■ What is being asked ■
Restate word for word the lines of the records below, starting at the line that contains "JADODE 4WD Transfer" and ending at the line that contains "Flormar Yüksek Pigmentli", with both of those lines included and nothing else.

■ Dataset entries ■
^^^^^^^^

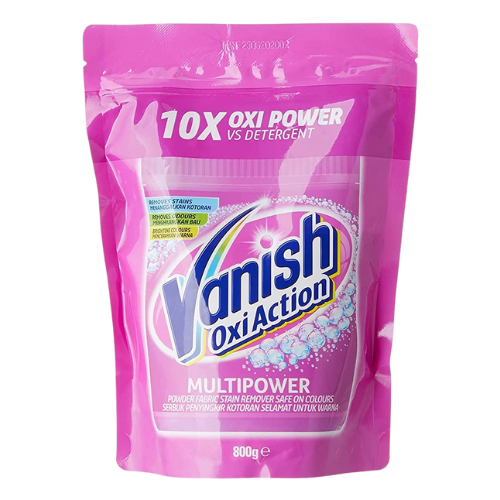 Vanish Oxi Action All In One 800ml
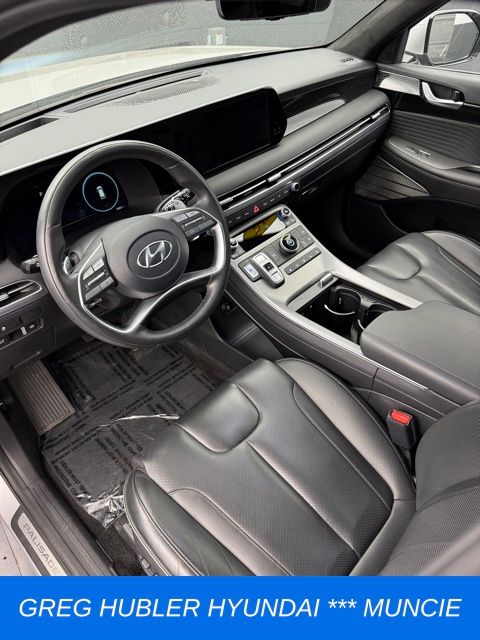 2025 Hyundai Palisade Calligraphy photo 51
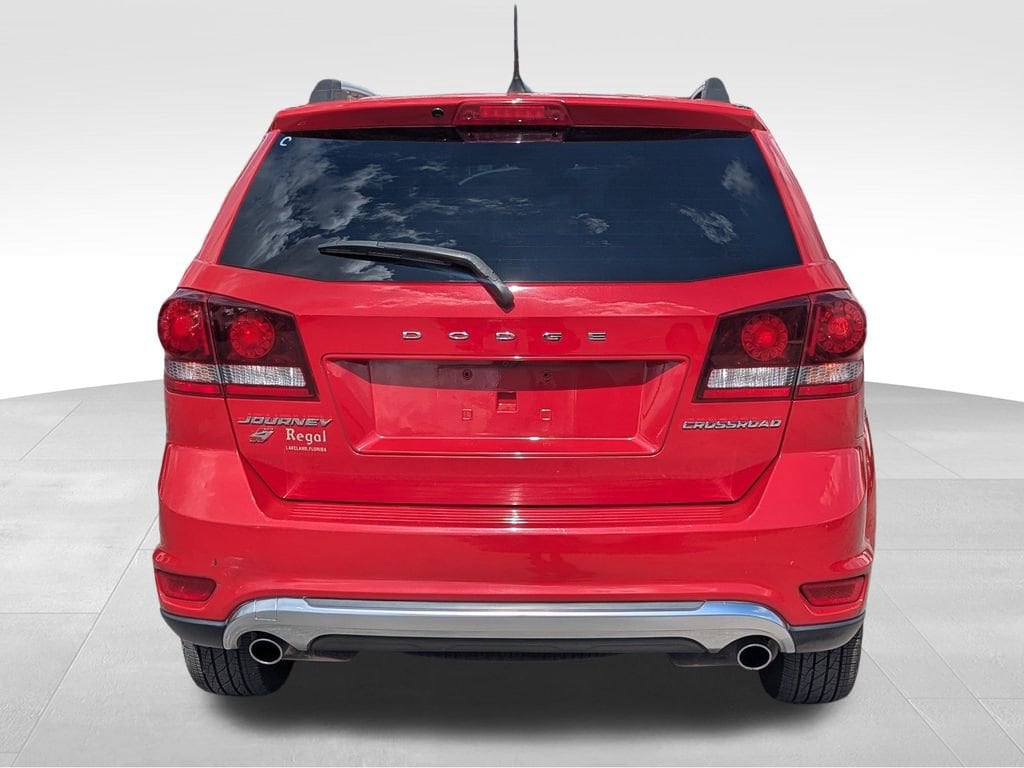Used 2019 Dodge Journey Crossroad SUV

^^^^^^^^

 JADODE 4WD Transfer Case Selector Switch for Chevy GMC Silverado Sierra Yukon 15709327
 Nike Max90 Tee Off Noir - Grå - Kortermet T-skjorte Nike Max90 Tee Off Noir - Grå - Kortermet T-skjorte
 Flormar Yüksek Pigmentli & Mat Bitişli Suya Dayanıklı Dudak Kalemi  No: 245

^^^^^^^^

■ Answer space ■
 JADODE 4WD Transfer Case Selector Switch for Chevy GMC Silverado Sierra Yukon 15709327
 Nike Max90 Tee Off Noir - Grå - Kortermet T-skjorte Nike Max90 Tee Off Noir - Grå - Kortermet T-skjorte
 Flormar Yüksek Pigmentli & Mat Bitişli Suya Dayanıklı Dudak Kalemi  No: 245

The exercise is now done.